AR-VR: Beyond Joysticks and Touchscreens

Voice command, hand gesture, texture mimicry and other advances bring a greater touch of naturalism to AR-VR.

Voice command, hand gesture, texture mimicry and other advances bring a greater touch of naturalism to AR-VR.

RealWear lets you use voice control to operate its hands-free AR system. The company has a strategic agreement with Honeywell to cobrand and sell the RealWear AR systems. Image courtesy of RealWear.

How do you interact with 3D models of products that only exist as polygons and pixels? The current generation uses the mouse and the keyboard, a paradigm that’s anything but natural. 

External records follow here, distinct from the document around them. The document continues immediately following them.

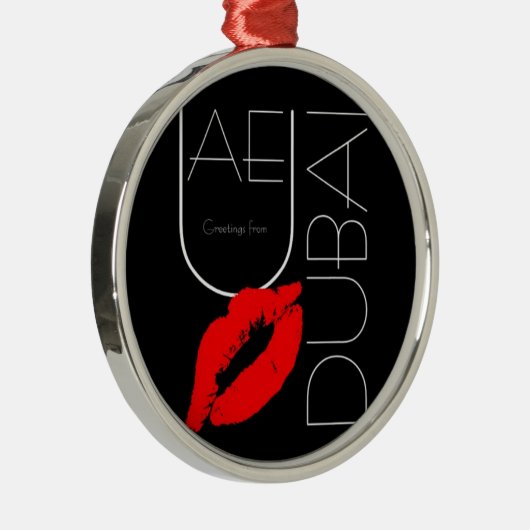 Groeten uit Dubai UAE Red Lipstick Kiss Metalen Ornament (Rechts)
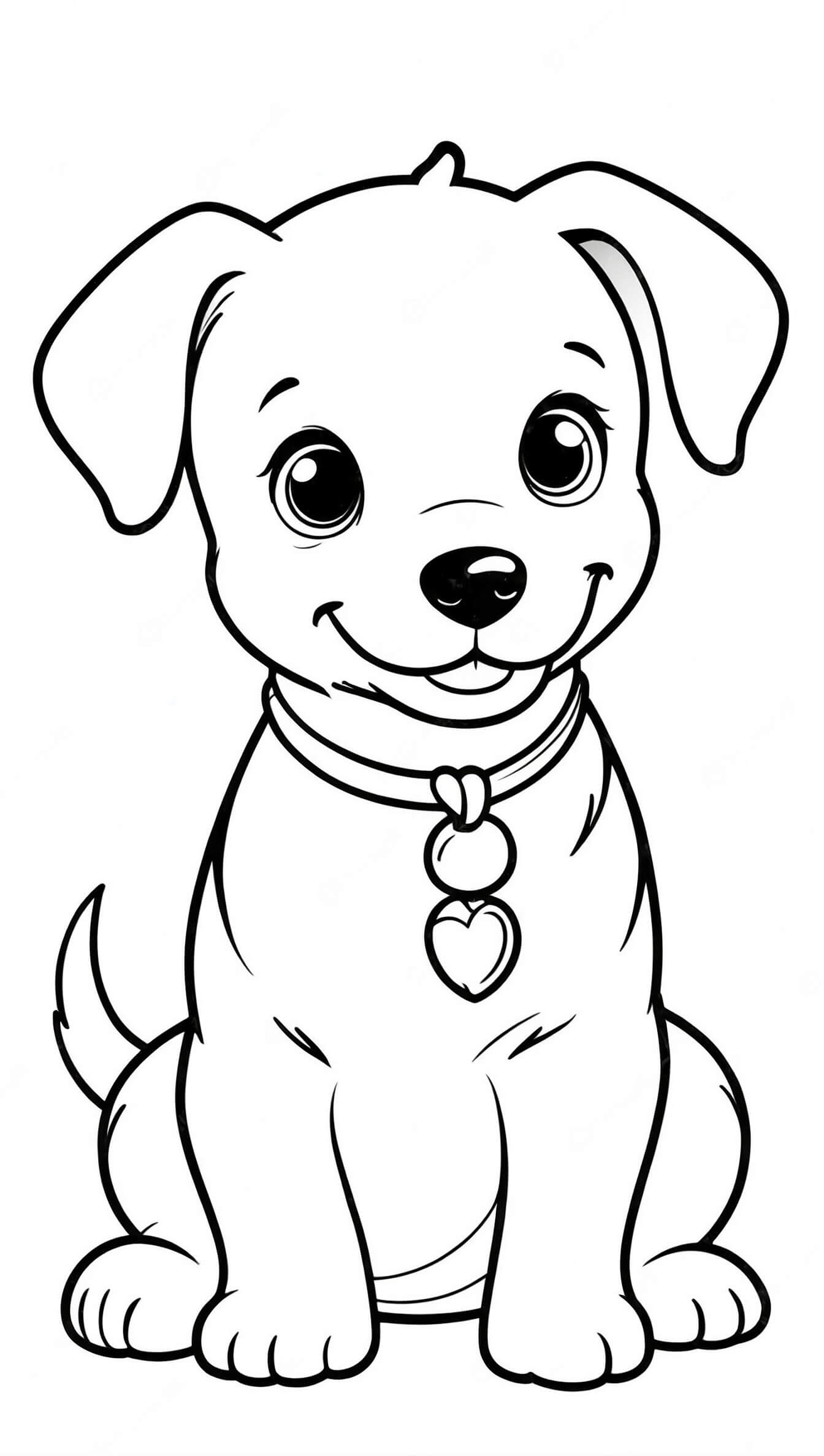 Cachorro simpatico para colorir para colorir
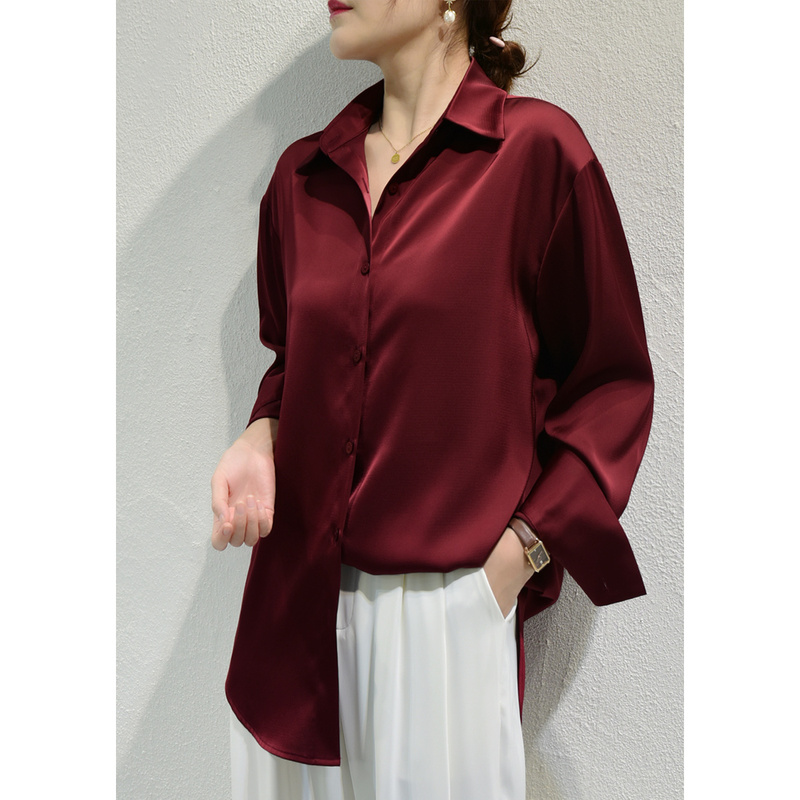 Loose and Casual Style, High-End Drape, Plus-Size Shirt, Long-Sleeved, Layered, Wrinkle-Resistant, No-Iron, Imitation Acetate Satin Shirt for Women, Autumn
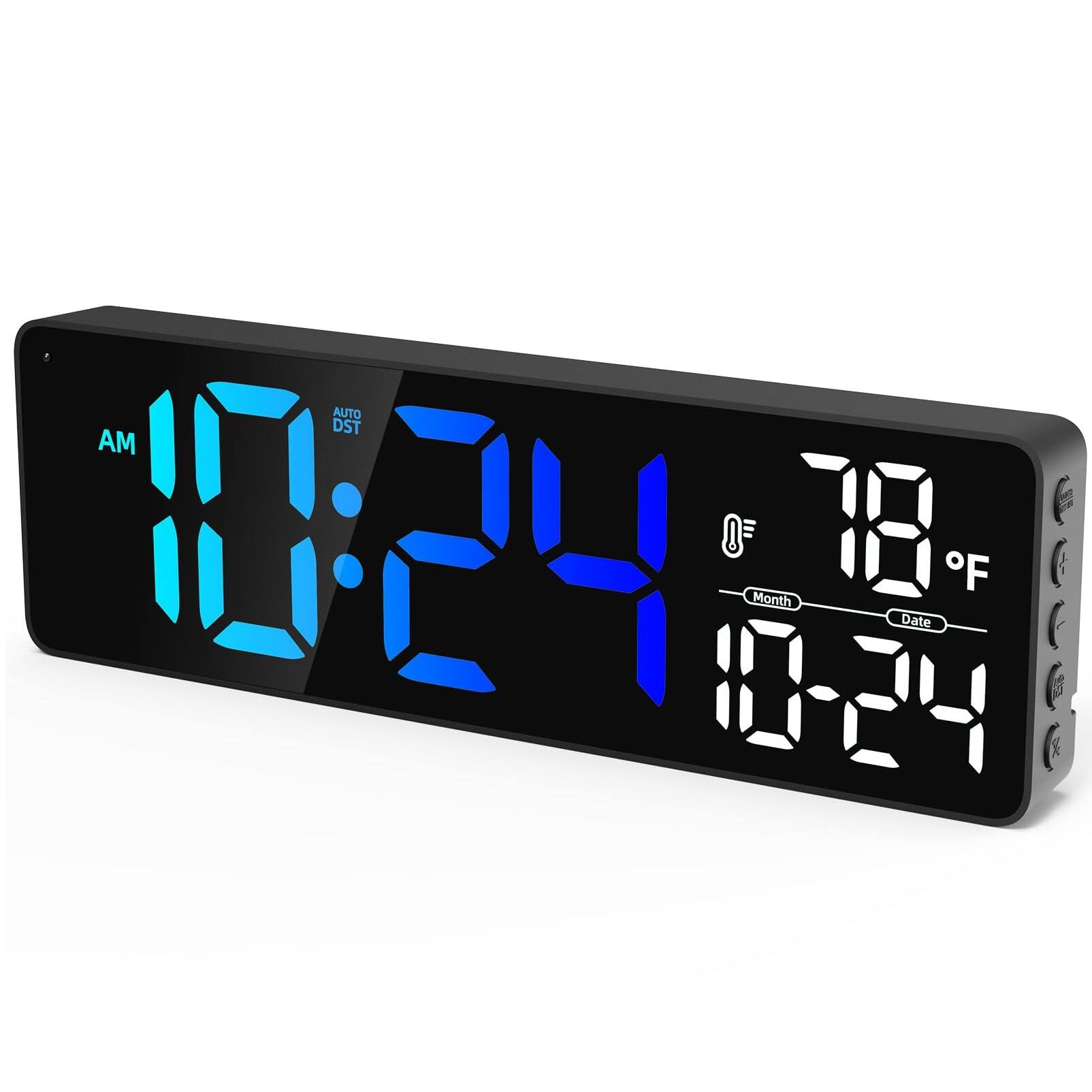 Dazzed Corner - Digital Alarm Clock, Large LED Digital Wall Clock - Black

The emergence of augmented reality (AR) and virtual reality (VR) systems represents an opportunity to redefine the human-pixel interaction, but early implementations wrestled with the less-than-ideal control systems. The joysticks and game-style controllers adopted by many AR-VR systems are well-designed for common game actions: a trigger-like button for shooting games, four directional buttons or a steering stick for game avatar movements or sturdy buttons to pound on during fight sequences. But they’re poorly designed to duplicate the more delicate and complex actions involved in, say, manufacturing installation, engine disassembly or operating a tractor. 

The new wave of AR-VR apps, however, comes much closer to mimicking the actions they depict, bringing the technology a few steps closer to real-world fieldwork, enterprise training and plant operations. 

Tech Soft 3D added AR-VR support in its HOOPS developer kit, incorporated into many standard CAD and 3D design software programs. Image courtesy of Tech Soft 3D.

Is Your AR System a Good Listener?

In April 2018, Greenlight Insights, an analyst firm tracking the AR-VR market, published a report titled “XR in Enterprise Training,” with “X” standing in for the unspecified variations of reality mimicry (mixed, virtual, augmented and extended reality). 

“Industries as diverse as automotive manufacturing, consumer retail and healthcare delivery are using virtual and augmented reality technology to realize productivity gains and invent service models. Organizations that succeed in harnessing XR-enabled training will lead. Those that don’t may be at a serious disadvantage,” warns Greenlight Insights. 

Last September, at the Virtual Reality Strategy (VRS) Conference hosted by Greenlight Insights, Tom Dollente, director of Product Management, RealWear, was on the panel that explores the use of AR for frontline workers. (Editor’s note: DE Senior Editor Kenneth Wong moderated the panel.) RealWear’s products—HMT-1 and HMT-1Z1—use a head-mounted camera and a small projector mounted before the right eye. Designed for hands-free use, it employs voice control for user input, command and selection. Users may attach it to a hard helmet for deployment in construction sites and other hazardous zones.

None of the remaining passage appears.